Last July, Hahnemann University Hospital suddenly closed its doors. There was little warning; there was only a constant influx of patients through the revolving doors of our emergency department—patients with no records, no neighborhood hospital, and no place else to turn.

As an enterprise Jefferson rose to the occasion and acted quickly to accommodate the volume of sick and injured flooding our emergency department. We had to rethink the way that we utilized space, people, and resources. Every division devised and swiftly executed best practices plans across the board. We made changes to pathways on the fly daily, if not hourly. We implemented flows and novel processes as we moved forward. Sometimes we felt like we were under water as the patients kept coming, but the resiliency, the ability to pivot, to think creatively, and not only to think outside of the box but literally to be out of the box was remarkable.

Little did I realize at the time that the Hahnemann closure was a dress rehearsal for what was to come.

Just as we handled a record-breaking ED volume day at Center City—about 300 patients in 24 hours—a global health crisis landed at our door. In January, the world started seeing the beginnings of COVID-19, a virus that would spread like wildfire, turning into a pandemic in just a few weeks. The Philadelphia region saw its first patients in March—and Jefferson was ready.

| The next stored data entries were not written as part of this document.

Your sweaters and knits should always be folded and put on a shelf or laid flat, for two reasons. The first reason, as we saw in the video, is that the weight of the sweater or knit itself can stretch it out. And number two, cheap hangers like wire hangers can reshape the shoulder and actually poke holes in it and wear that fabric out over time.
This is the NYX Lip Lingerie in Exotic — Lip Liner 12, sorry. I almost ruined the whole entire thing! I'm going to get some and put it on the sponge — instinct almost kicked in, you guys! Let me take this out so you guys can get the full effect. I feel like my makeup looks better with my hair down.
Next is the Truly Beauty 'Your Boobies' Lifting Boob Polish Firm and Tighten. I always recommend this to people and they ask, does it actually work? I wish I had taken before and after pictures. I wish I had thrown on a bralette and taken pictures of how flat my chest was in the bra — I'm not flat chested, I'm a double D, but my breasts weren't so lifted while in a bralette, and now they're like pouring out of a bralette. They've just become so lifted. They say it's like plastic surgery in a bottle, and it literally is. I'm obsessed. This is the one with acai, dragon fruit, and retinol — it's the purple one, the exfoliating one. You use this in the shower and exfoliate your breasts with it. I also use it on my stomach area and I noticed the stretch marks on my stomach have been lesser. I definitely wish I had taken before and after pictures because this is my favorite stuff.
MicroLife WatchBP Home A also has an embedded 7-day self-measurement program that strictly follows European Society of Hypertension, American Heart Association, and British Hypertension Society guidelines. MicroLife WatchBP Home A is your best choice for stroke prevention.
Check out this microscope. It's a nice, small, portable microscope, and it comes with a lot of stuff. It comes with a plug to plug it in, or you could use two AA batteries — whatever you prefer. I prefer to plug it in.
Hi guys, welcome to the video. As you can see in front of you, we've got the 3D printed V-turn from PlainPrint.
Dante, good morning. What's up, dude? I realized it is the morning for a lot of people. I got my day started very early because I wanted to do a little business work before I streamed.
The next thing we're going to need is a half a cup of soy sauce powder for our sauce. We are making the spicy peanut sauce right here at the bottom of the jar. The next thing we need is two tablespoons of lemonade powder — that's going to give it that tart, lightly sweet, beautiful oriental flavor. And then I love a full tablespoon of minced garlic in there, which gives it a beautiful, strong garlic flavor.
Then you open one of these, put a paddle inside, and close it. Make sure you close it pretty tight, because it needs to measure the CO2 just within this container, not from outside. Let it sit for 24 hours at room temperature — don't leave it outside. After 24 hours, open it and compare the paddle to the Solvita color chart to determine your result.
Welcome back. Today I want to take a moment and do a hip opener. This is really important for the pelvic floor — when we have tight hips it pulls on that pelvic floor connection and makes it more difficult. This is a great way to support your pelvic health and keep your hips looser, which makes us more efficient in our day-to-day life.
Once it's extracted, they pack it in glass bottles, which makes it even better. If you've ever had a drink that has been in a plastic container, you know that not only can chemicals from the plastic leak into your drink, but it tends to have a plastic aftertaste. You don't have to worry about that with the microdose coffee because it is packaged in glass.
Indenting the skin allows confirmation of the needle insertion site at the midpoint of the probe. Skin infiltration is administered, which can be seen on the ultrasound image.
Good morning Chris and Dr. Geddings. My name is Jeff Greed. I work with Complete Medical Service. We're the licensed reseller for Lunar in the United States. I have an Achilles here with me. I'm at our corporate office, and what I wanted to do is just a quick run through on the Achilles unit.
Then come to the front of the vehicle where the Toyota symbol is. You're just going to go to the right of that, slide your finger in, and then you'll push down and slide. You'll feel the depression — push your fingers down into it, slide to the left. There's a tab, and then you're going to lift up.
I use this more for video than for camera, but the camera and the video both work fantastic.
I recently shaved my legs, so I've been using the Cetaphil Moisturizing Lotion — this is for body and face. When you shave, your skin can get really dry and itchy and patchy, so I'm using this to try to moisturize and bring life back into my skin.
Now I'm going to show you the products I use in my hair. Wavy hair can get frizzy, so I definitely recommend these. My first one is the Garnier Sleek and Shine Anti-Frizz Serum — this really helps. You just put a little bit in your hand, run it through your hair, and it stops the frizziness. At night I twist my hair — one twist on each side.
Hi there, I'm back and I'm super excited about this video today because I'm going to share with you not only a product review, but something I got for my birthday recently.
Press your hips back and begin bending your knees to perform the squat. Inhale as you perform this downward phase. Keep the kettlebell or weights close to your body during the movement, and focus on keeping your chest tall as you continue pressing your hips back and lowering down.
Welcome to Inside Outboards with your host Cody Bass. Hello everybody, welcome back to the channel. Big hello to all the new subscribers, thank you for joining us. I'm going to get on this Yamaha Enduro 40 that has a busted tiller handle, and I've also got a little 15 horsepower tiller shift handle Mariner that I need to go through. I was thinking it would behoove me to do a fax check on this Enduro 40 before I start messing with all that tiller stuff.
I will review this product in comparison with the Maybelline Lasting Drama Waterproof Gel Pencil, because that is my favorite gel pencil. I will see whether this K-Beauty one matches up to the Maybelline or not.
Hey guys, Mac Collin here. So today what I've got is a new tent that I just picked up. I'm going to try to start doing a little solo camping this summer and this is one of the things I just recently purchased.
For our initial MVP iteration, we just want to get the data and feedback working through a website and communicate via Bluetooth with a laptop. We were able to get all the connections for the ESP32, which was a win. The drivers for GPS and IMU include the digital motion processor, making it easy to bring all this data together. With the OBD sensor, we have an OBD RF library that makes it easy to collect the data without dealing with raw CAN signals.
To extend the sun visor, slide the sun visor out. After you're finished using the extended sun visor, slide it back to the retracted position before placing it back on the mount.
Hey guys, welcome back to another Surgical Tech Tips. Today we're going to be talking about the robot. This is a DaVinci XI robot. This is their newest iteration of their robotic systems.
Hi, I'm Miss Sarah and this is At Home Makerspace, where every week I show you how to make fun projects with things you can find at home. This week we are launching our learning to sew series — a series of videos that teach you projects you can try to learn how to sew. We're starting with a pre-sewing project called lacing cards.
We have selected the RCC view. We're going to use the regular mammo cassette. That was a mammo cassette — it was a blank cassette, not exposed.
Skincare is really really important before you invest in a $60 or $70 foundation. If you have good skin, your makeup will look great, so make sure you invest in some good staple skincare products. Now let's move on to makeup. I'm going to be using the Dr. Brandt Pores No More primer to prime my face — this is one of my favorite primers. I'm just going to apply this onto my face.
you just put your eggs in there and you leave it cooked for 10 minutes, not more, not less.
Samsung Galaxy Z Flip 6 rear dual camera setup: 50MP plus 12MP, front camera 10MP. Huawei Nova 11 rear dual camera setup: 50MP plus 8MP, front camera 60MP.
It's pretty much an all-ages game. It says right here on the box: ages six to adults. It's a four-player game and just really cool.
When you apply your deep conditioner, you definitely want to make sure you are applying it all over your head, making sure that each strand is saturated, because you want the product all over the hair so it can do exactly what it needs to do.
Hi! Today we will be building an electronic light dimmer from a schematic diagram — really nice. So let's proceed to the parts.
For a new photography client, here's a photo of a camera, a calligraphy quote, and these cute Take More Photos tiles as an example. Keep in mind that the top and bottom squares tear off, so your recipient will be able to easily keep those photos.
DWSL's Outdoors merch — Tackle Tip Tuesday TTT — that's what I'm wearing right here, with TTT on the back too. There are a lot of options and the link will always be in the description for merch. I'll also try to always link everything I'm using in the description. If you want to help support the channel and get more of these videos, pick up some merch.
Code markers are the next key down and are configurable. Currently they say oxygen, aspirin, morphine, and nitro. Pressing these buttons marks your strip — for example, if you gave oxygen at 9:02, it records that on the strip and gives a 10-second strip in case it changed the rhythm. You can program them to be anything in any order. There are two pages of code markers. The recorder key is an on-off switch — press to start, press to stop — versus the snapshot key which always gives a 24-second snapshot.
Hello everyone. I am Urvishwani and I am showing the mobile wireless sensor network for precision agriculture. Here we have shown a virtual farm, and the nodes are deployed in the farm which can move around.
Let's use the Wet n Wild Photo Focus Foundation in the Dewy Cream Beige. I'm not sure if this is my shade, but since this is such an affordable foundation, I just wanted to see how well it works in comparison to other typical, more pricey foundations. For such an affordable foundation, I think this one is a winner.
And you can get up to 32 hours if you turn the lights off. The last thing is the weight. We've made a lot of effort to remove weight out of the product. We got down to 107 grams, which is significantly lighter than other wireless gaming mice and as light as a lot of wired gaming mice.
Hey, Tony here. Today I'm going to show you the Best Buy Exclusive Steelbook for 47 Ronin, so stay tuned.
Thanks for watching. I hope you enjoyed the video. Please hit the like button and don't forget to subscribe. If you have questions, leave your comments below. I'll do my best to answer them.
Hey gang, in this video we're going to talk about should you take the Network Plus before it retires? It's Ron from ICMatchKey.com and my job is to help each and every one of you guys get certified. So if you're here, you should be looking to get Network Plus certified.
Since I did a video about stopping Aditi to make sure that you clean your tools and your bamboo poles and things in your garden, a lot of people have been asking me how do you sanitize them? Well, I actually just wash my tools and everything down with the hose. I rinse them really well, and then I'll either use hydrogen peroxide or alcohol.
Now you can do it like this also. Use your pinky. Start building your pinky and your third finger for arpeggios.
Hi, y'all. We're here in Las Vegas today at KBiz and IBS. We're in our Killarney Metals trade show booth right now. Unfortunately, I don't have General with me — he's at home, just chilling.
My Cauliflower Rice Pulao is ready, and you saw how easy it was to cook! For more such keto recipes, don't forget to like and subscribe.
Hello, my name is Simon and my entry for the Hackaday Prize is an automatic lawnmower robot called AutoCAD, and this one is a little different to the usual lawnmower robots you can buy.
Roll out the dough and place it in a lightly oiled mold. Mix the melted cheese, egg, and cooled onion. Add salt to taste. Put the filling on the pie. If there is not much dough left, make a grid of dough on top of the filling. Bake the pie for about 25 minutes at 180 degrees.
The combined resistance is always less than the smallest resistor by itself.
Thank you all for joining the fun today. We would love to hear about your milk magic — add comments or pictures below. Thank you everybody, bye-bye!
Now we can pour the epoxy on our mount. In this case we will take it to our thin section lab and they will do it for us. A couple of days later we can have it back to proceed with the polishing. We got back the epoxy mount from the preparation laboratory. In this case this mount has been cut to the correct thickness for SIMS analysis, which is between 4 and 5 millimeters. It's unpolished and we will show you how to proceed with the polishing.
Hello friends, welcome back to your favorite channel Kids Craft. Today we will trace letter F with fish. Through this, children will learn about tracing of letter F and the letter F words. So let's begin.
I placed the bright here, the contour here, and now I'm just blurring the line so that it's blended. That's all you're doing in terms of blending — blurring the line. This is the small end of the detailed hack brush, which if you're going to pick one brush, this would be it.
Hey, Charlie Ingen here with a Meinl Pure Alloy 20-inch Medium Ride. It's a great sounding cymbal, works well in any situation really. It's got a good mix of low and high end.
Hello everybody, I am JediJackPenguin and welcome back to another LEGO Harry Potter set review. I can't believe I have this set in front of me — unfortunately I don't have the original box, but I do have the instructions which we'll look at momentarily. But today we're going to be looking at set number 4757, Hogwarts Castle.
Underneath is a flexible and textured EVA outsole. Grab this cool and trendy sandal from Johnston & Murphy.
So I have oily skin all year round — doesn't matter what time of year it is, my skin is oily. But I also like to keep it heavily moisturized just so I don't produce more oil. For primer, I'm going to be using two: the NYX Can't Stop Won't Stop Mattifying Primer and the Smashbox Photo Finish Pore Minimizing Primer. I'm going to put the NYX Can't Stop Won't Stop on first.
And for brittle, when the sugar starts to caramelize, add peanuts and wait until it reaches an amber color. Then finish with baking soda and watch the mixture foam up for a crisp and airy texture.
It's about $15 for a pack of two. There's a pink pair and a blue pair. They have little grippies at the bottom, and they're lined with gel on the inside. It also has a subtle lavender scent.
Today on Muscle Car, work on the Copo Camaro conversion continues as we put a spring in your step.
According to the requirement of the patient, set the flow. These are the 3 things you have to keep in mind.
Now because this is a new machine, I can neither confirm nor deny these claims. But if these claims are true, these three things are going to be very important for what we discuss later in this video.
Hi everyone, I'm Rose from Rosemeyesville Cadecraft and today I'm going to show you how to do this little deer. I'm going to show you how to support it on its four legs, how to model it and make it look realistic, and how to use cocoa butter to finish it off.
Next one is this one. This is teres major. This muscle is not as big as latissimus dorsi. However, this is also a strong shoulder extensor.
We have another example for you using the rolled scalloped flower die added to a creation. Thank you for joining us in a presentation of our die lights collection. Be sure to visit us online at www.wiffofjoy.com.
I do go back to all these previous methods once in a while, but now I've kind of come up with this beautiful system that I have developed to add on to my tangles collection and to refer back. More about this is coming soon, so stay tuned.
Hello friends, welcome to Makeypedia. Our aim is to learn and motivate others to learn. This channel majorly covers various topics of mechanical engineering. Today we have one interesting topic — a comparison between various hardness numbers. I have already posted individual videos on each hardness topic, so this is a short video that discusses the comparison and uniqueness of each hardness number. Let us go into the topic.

While the closure of Hahnemann was a great tragedy for our region, it offered us an unanticipated opportunity to get our house in order from top to bottom. The lessons we learned from Hahnemann allowed us to properly strategize for the COVID-19 crisis, and to put plans into place that allowed us to prevail in this ever-evolving emergency situation.

The Hahnemann closing and COVID-19 were similar in many respects: both situations came about fairly unexpectedly and hit the emergency departments first. But there were differences, too. We knew that Hahnemann closing might be coming, but thought we had months to prepare. We were taken by surprise when they closed their doors overnight, and we suddenly had 50 to 100 more patients a day. With COVID-19, we knew the patients would start trickling in, and that eventually there would be a surge. Our processes and pathways were actually in place about two weeks ahead of the predicted volume and surge. The sky was going to fall, but we were prepared to catch it.

However, while we had prepared for COVID-19 as far as facilities, staffing, and procedures, nothing could have prepared us for the disease itself or the challenges it would present. When we were in the thick of the Hahnemann closure we were dealing with the sheer volume of patients, the challenges of not having their medical records, and not having enough staff. It was foreboding, but these weren’t scary patients; they didn’t have a disease we had never seen before.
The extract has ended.